German state parliament bans laptops - Pirate party show up with typewriters - fgribreau
http://www.crackajack.de/2012/09/26/typewriter-protest-der-piraten-gegen-computerverbot/
======
terhechte
While this is an interesting way of disobeying and a nice idea in general, I
have to admit that it also feels a bit overreacted. The reason why laptops are
banned (as outlined in this document: [http://fraktion.piratenpartei-
sh.de/2012-09-19-bericht-aus-d...](http://fraktion.piratenpartei-
sh.de/2012-09-19-bericht-aus-dem-aeltestenrat/)) are that people used them
during the parliament hours for social networking or games and that the
clicking of the keyboard and the fans and harddrives of the laptops created a
distracting noise. Tablets are specifically allowed.

I can understand that the noise that a set of laptops generates can be
distracting. On the other hand does a tablet not really help if you want to
type down thoughts or parts of what's currently being said. So the smart thing
to do would be to only allow very silent fanless laptops (my MacBookAir, for
example, seems to make no noise at all, except when watching YouTube videos).

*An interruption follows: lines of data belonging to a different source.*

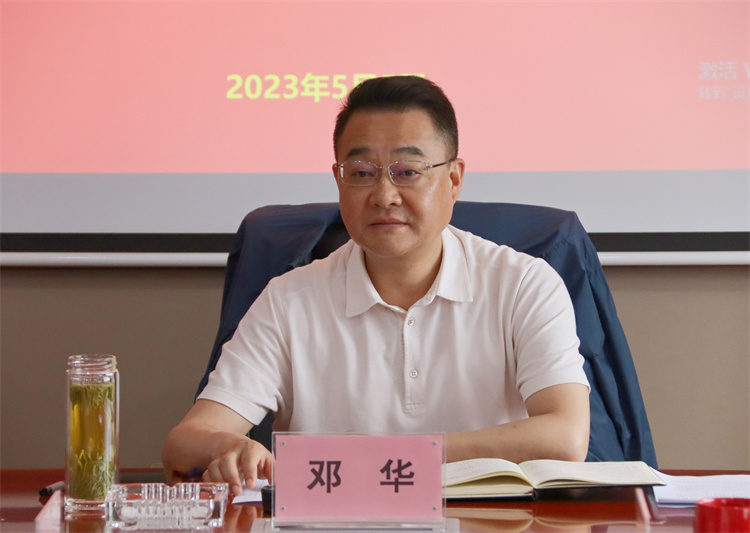 1683473462872450.jpg 微信圖片_20230505160544.jpg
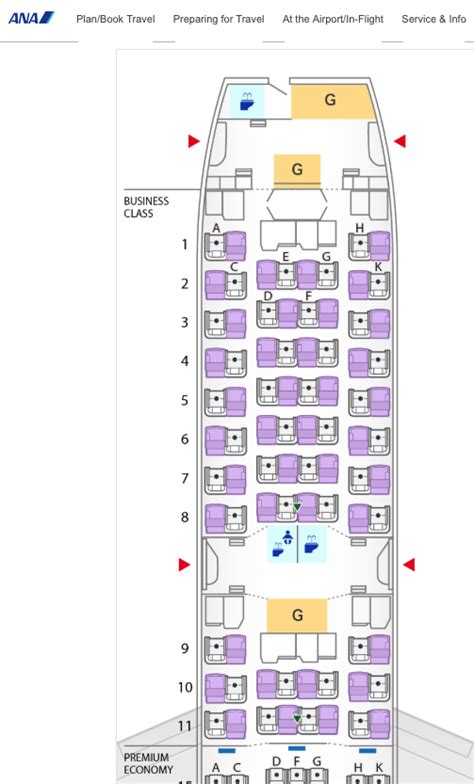 Seat Map 777 300er Ana Elcho Table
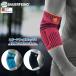  Bauer штраф do официальный [BAUERFEIND] локти для спорт опора SPORTS ELBOW SUPPORT бейсбол теннис Golf локти . давление компрессионный стирка возможно "дышит" выдающийся 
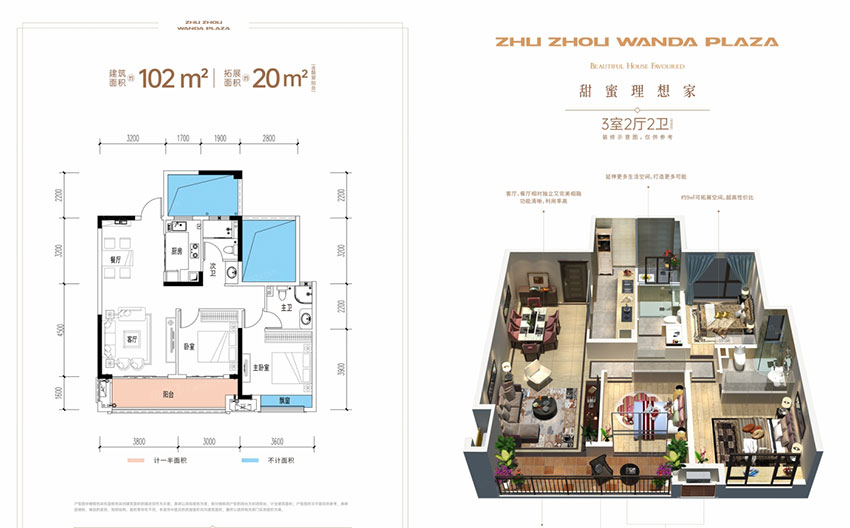 株洲市汇金新城建面约102㎡户型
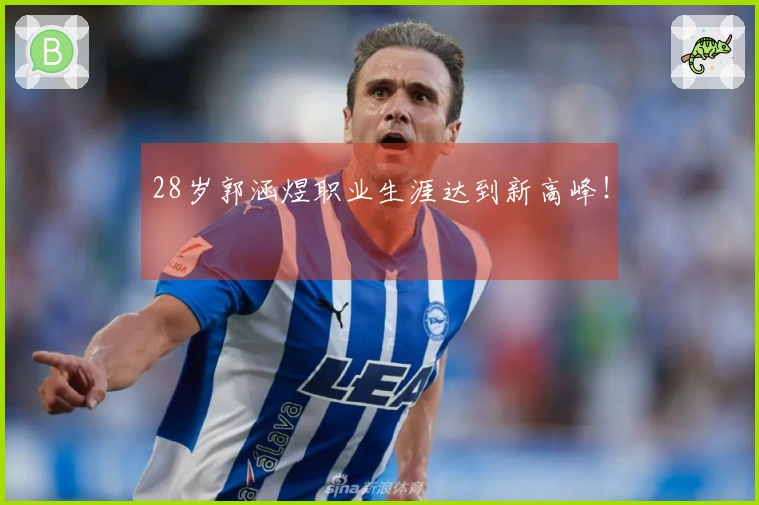 28岁郭涵煜职业生涯达到新高峰！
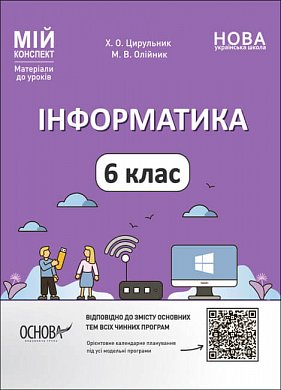 Книга Мій конспект. Матеріали до уроків. Інформатика. 6 клас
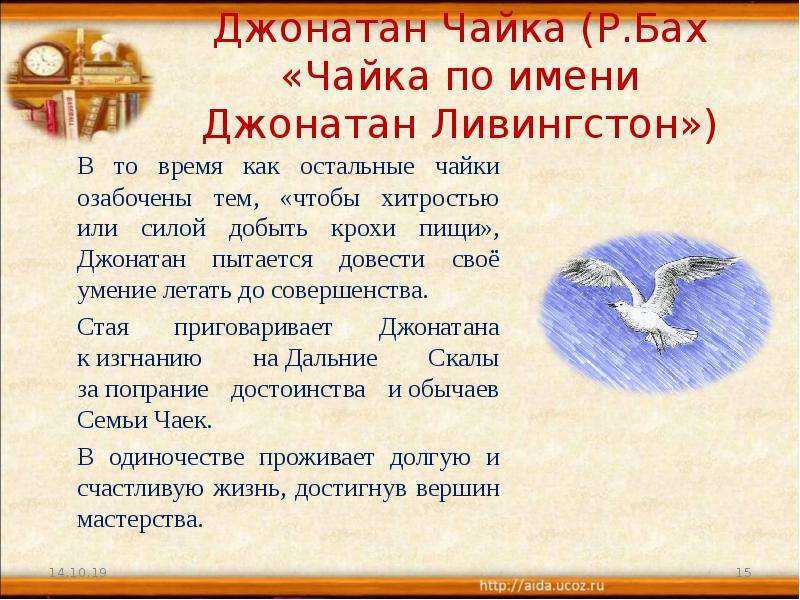 Краткое содержание бах чайка по имени джонатан ливингстон за 2 минуты пересказ сюжета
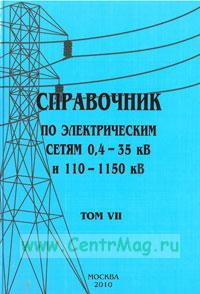 Справочник по электрическим сетям напряжением 0,4-35кВ и 110-1150кВ т7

I sincerely doubt that it makes sense to try to ban the clicking of keyboards.
That's like trying to ban the shuffling of paper. Bringing a typewriter which
makes really loud typing noises doesn't sound like such a good idea in that
context. A foldable bluetooth keyboard + would have been the better idea; that
way they wouldn't show disobedience, but instead they'd display that there're
other ways in which one can be silent and still use a keyboard in there.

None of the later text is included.